Archive for February 8th, 2007|Daily archive page
Street kid to crusader
This is one of the persons [ministers] who married us! Not only that, but this person is analogous to a State Senator here in the States. We’re not exactly friends, but we’re friendly to one another–a friendly collegial relationship mostly via email. In fact, when we head up to Toronto, we’re going to spend some time w/ Cheri. Had we been able to head this past summer, we could have had a place to stay! Perhaps some other time?! I value Cheri’s work, and should we ever have the opportunity, this would be my MPP of choice!
Memories of tough teen years help fuel MPP’s campaign to boost Ontario’s minimum wage. She lived on the streets of downtown Toronto when she was 15 years old, learning just what it’s like to be poor and hungry. written by TANNIS TOOHEY/TORONTO STAR
New Democrat Cheri DiNovo, shown at Queen’s Park on Wednesday, is one of the leading crusaders for a $10-an-hour minimum wage in Ontario. The Parkdale-High Park MPP knows what it’s been like to be poor, having spent some of her teen years on the streets of Toronto.
Now, four decades later, Cheri DiNovo is one of the leading crusaders for a $10-an-hour minimum wage.
Today, Ontario’s minimum wage goes up 25 cents to $8 an hour, making it one of Canada’s highest. But most people agree it’s not enough to live on.
To catapult her fight for a living wage and other social issues onto the public agenda, DiNovo gave up her job as a United Church minister and successfully weathered one of the dirtiest by-elections in recent memory.

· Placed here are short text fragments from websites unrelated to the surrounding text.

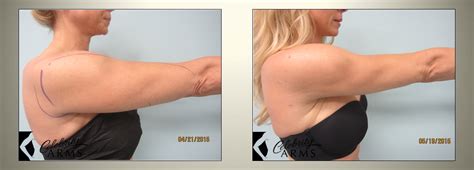 Arms Celebrity Arms Lipo Before After Photos Art Lipo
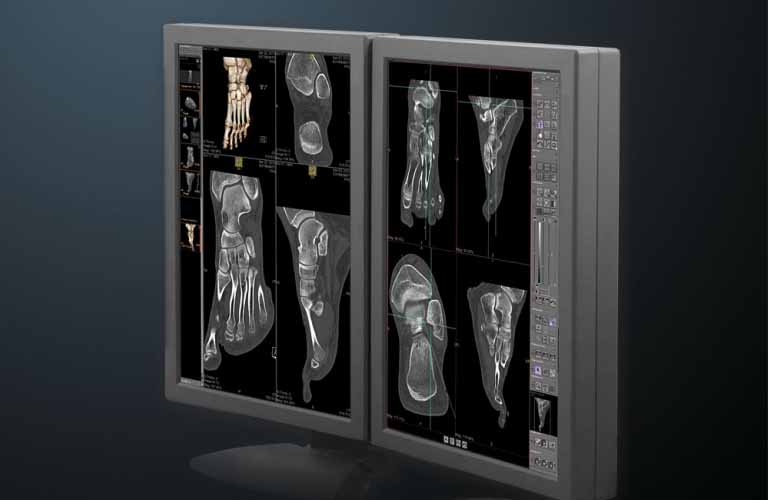 medical PACS software for radiology and hospital 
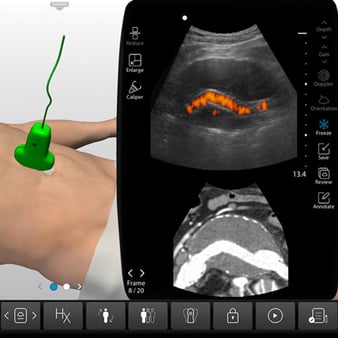 Core Clinical Ultrasound Training | SonoSim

The New Democrat MPP for Parkdale-High Park doesn’t even want to be thought of as a politician.
“People have an image of politicians. You get to Queen’s Park and you forget who you’re representing, you forget the motivation that got you there in the first place,” said DiNovo, 56.
“I hope that I never actually will be” a politician.

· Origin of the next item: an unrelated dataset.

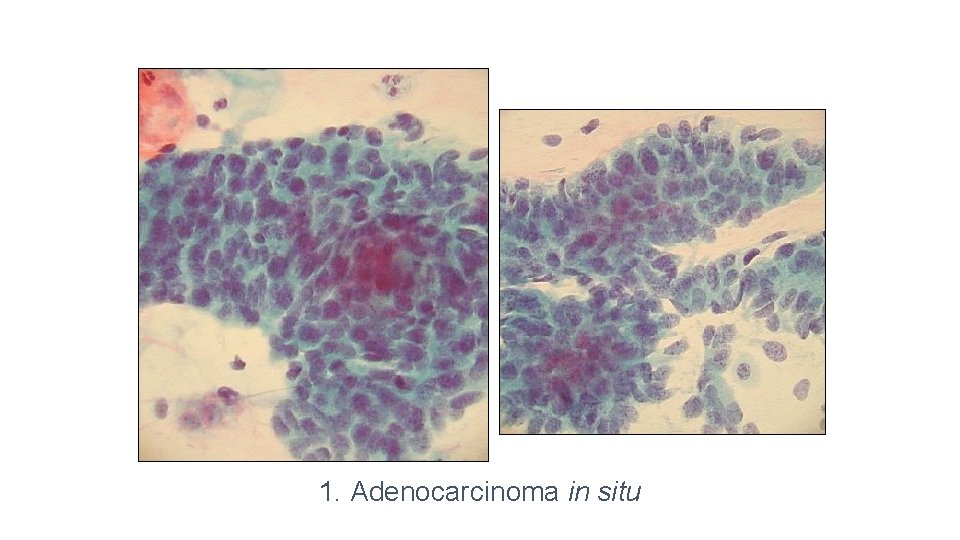 1. Adenocarcinoma in situ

What she does want is a $10 minimum wage. About 200,000 Ontarians now make minimum wage and 1 million more earn somewhere between minimum wage and $10 an hour.
Finance Minister Greg Sorbara has said Ontario cannot afford a $10 minimum wage, that it is not the best way to alleviate poverty and that the Liberals will be unveiling other measures in the spring budget to help low-income earners.
If the Liberals don’t change their minds, DiNovo’s $10 wage bill has no chance of becoming law, but she’s undaunted.
“It’s an idea whose time has come and there’s nothing more powerful. We’re going to be successful on this. The only question is when, not if,” she said.
“Someone who works full-time shouldn’t be using a food bank,” DiNovo insists. “They should be able to feed the children and pay the rent.”
For DiNovo, the poor, the homeless, the sex-trade workers, the mentally ill and drug addicts who walk the streets of her Parkdale-High Park riding are every bit as much her constituents as the voting middle-class families most politicians cultivate.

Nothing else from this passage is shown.